[About this exercise] The whole listing should be given back without any alteration.

[Dataset records]
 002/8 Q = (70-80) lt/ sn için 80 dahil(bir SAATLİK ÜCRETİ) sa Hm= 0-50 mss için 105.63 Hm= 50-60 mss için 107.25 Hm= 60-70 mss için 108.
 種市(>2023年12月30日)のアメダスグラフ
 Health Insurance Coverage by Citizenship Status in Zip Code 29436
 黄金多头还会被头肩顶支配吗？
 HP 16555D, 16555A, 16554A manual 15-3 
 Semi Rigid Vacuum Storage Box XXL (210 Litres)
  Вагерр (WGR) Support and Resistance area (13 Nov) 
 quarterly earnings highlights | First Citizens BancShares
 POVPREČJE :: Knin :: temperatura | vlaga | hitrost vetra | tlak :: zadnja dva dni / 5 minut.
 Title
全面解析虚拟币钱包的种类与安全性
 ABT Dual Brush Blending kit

[Written answer]
 002/8 Q = (70-80) lt/ sn için 80 dahil(bir SAATLİK ÜCRETİ) sa Hm= 0-50 mss için 105.63 Hm= 50-60 mss için 107.25 Hm= 60-70 mss için 108.
 種市(>2023年12月30日)のアメダスグラフ
 Health Insurance Coverage by Citizenship Status in Zip Code 29436
 黄金多头还会被头肩顶支配吗？
 HP 16555D, 16555A, 16554A manual 15-3 
 Semi Rigid Vacuum Storage Box XXL (210 Litres)
  Вагерр (WGR) Support and Resistance area (13 Nov) 
 quarterly earnings highlights | First Citizens BancShares
 POVPREČJE :: Knin :: temperatura | vlaga | hitrost vetra | tlak :: zadnja dva dni / 5 minut.
 Title
全面解析虚拟币钱包的种类与安全性
 ABT Dual Brush Blending kit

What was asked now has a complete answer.